Il papà di Facebook, Mark Zuckerberg, il fondatore del social network più diffuso e cliccato al mondo, ha diffuso quest’oggi, – proprio attraverso il social da lui generato – un messaggio di solidarietà per le vittime dell’attentato parigino, difendendo anche la libertà della sua “creatura”.
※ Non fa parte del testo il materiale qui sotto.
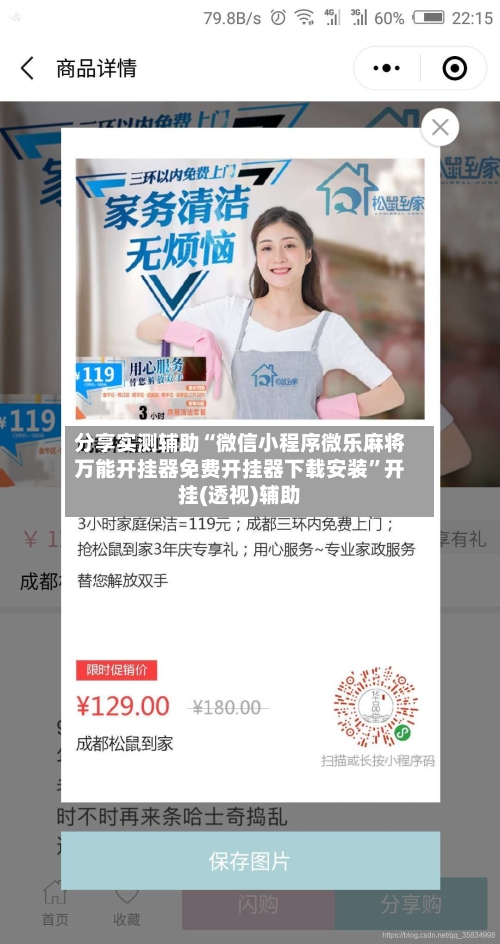 分享实测辅助“微信小程序微乐麻将万能开挂器免费开挂器下载安装”开挂(透视)辅助-第3张图片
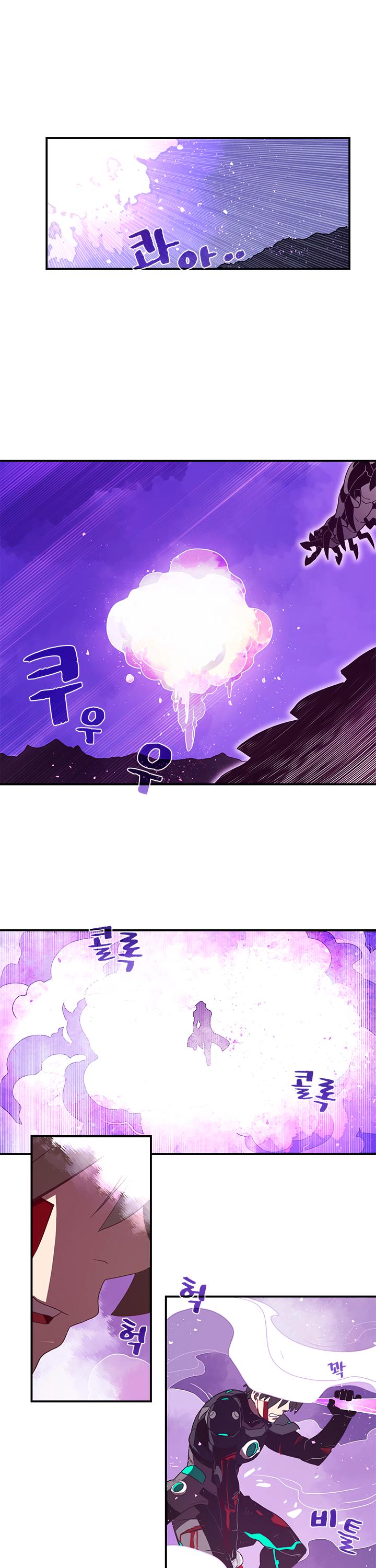 Page 14 of Chapter 36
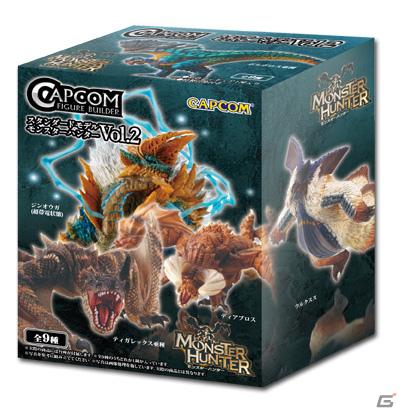 「カプコンフィギュアビルダー スタンダードモデル モンスターハンター Vol.2」発売＆記念待ち受け画像公開の画像2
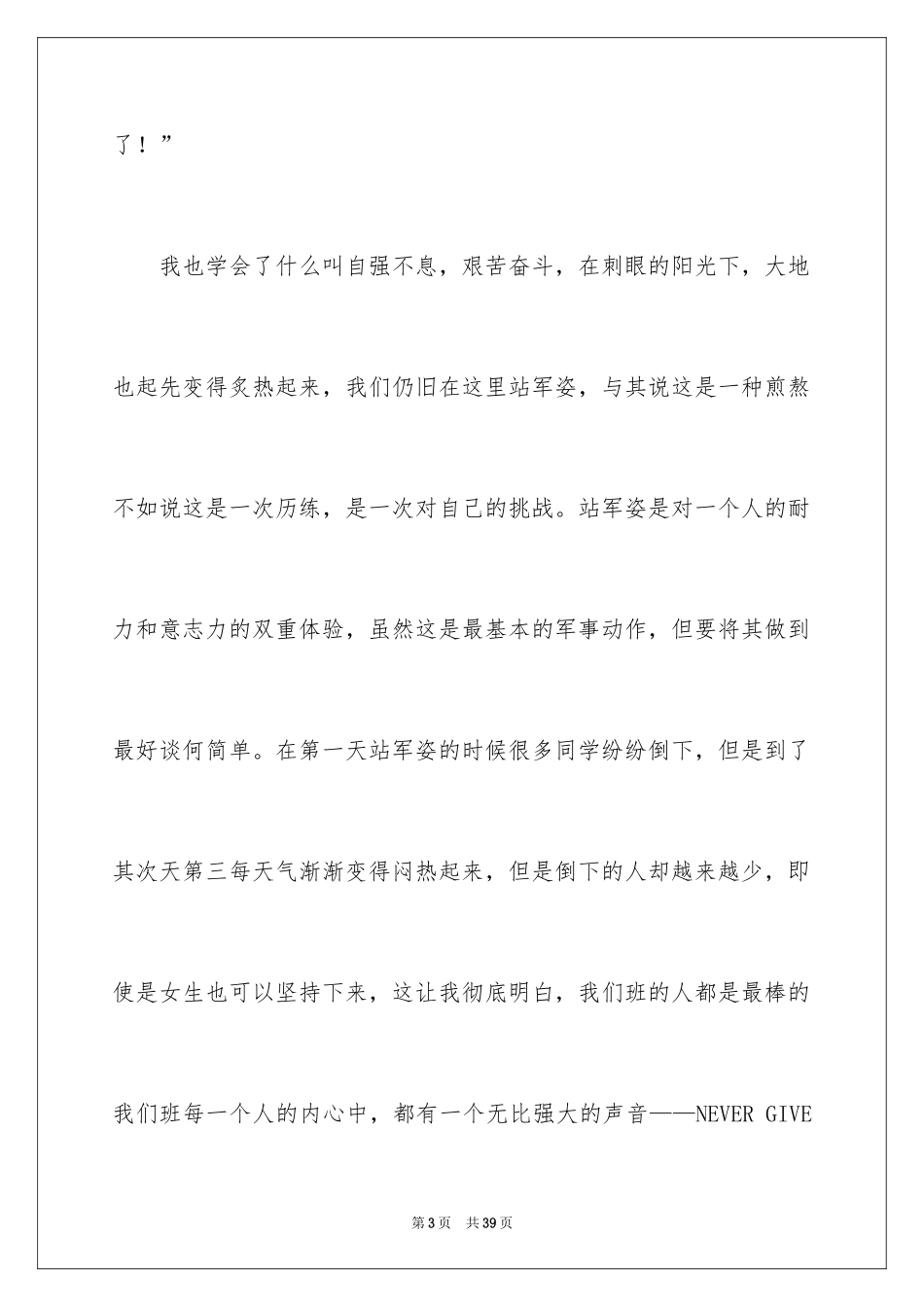 2024军训高中作文_7_第3页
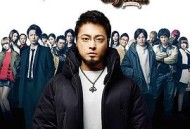 暗金丑岛君：完结篇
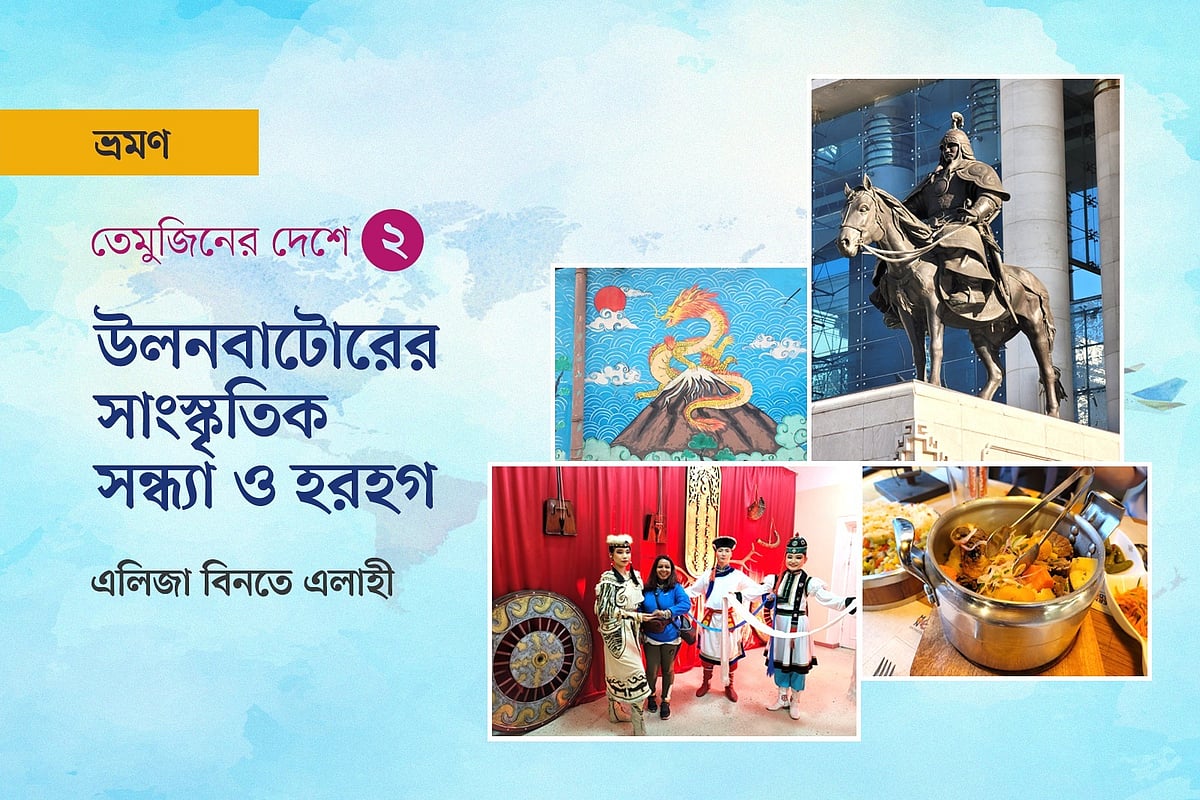 গ্রাফিকস: প্রথম আলো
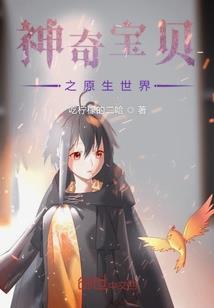 素描绝地求生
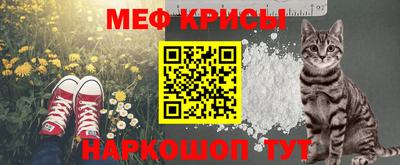 mdma Рыбинск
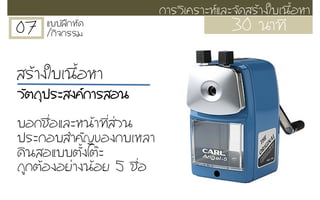 07 áแºบºบ½ฝƒƒ¡กËหÑั´ด
/¡กÔิ¨จ¡กÃรÃรÁม 30 ¹นÒา·ท∙Õี
¡กÒาÃรÇวÔิàเ¤คÃรÒาÐะËหáแÅลÐะ¨จÑั´ดÊสÃรŒŒÒา§งãใºบàเ¹น×ืé้ÍอËหÒา
ÊสÃรŒŒÒา§งãใºบàเ¹น×ืé้ÍอËหÒา
ÇวÑัµต¶ถØุ»ปÃรÐะÊส§ง¤ค¡กÒาÃรÊสÍอ¹น
ºบÍอ¡กªช×ืè่ÍอáแÅลÐะËห¹นŒŒÒา·ท∙Õีè่Êส‹‹Çว¹น
»ปÃรÐะ¡กÍอºบÊสÓำ¤คÑั­Þญ¢ขÍอ§ง¡กºบàเËหÅลÒา
´ดÔิ¹นÊสÍอáแºบºบµตÑัé้§งâโµตÐะ
¶ถÙู¡กµตŒŒÍอ§งÍอÂย‹‹Òา§ง¹นŒŒÍอÂย 5 ªช×ืè่Íอ
 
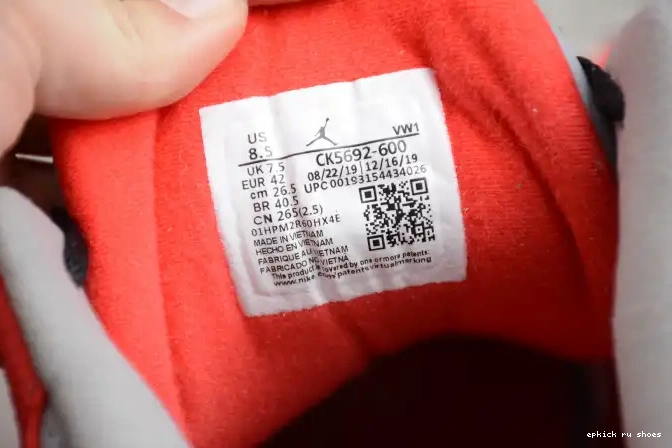 Cheap Cement CK5692-600 Air Red 3 Jordan 0421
“Qualche anno fa un estremista pachistano si è battuto per farmi condannare a morte perché Facebook si rifiutava di bannare in contenuti su Maometto che lo offendevano. Noi rimaniamo sulla nostra posizione perché voci differenti, anche se a volte offensive, possono rendere il mondo un posto migliore e più interessante. Facebook è sempre stato un posto in cui le persone di tutto il mondo possono esprimere le loro opinioni. Seguiamo le leggi di ogni Paese ma non permettiamo che una nazione o un gruppo di persone ci dettino le regole su cosa si può condividere. Parlare del Profeta Maometto non è contrario alla nostra politica. Abbiamo bloccato i contenuti (offensivi, ndr) in Pakistan dove è illegale (parlare male di Maometto, ndr), ma non li bloccheremo nel resto del mondo dove è legale. Riflettendo sulla mia esperienza con l’estremismo penso che questo sia ciò a cui ci dobbiamo opporre: un gruppo di estremisti che cercano di silenziare le voci e le opinioni degli altri nel mondo. Non lascerò che questo accada a Facebook. Il mio impegno è per un servizio dove poter parlare liberamente senza paura della violenza”. Il post si conclude con un pensiero per le vittime e le persone che “decidono di esprimere le proprie idee anche quando ci vuole coraggio per farlo. #JeSuisCharlie”.
Questo il messaggio pubblicato da Zuckerberg e che nel giro di poche ore ha macinato innumerevoli like e condivisioni, ma soprattutto l’ira e il dissenso di coloro che contestano le buone intenzioni insite in quelle parole.
In molti contestano il fatto che che un commento potenzialmente offensivo per la religione sia tollerato, mentre vengono bannate le immagini che ritraggono una donna che allatta al seno; altri chiedono perché le persone uccise in Siria, Palestina, Afghanistan e Iraq o gli oltre 140 ragazzi uccisi in Pakistan a dicembre non abbiano ricevuto il medesimo solidale da parte di Mr Zuckerberg.